Photo: Courtesy of Lt. Gov. Shan Tsutsui
Lt. Gov. Shan Tsutsui announced this week that he’s resigning from state government to join a Seattle-based company that will allow him to work from his home island of Maui.
He says he will work as a senior vice president for Seattle-based Strategies 360, a public affairs, communications and research firm. Tsutsui said the timing wasn’t prompted by Gov. David Ige’s handling of the Jan. 13 false missile alert or a particular issue.
Tsutsui says taking his oldest daughter to Oregon in September to start her freshman year in college proved a reality check. “I felt like I missed a lot from my kids growing up. I have two more at home that are younger,” he says. He and his wife have three daughters: ages 10, 14 and 18.
Tsutsui said he called Ige Monday, the morning of Jan. 29, to deliver the news, then sent out a news release saying that his last day at the State Capitol is Wednesday, Jan. 31.
“As I leave public service, I look forward to continuing to be a part of Hawai‘i’s future and helping to forge a new path that honors our shared beliefs and my continued commitment to improving the lives of the people of Hawai‘i,” he wrote.
The former state senate president first became lieutenant governor in 2012 to replace Brian Schatz after he was appointed by Gov. Neil Abercrombie to serve the rest of the U.S. Senate term of the late Daniel Inouye.
Tsutsui had expressed frustration that he wasn’t given more substantive work under Ige.
Ige praised Tsutsui for his 15 years of public service in state office. “It is with a mixture of sadness and gratitude that I learned of Shan’s decision to step down from his position as lieutenant governor,” Ige said in a statement.

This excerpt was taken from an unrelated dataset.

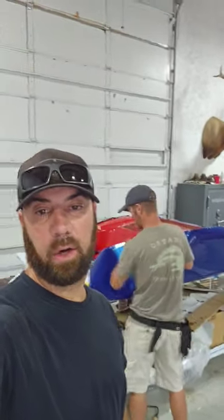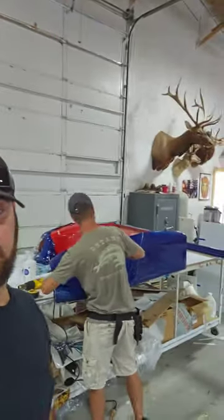Hey, what's up guys? We are here at Hank Signs in Payson, West Mountain, and we got Bodie back here working on the golf cart.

Tsutsui pointed proudly to work to boost local food production, a farm to school initiative and increased support for after-school programs in public schools.
We asked Tsutsui who he’s going to support in the governor’s race and he responded, “I have no comment.” When pressed, he would not rule out getting involved but declined to say whether he would support challenger Colleen Hanabusa, Ige or anyone else. “Politics is kind of in my blood now. I don’t expect to just go away. We’ll see. I have a transition that I want to take care of.”
Strategies 360 Hawai‘i operations are run by John White, a familiar figure in politics and consulting who worked for the Pacific Resources Partnership, a labor-management program that supports carpenters and contractors.
Tsutsui says one of the first things he’s looking forward to back on Maui is time with family, especially camping with his daughters, going to the beach and paddle boarding without needing to be accompanied by security.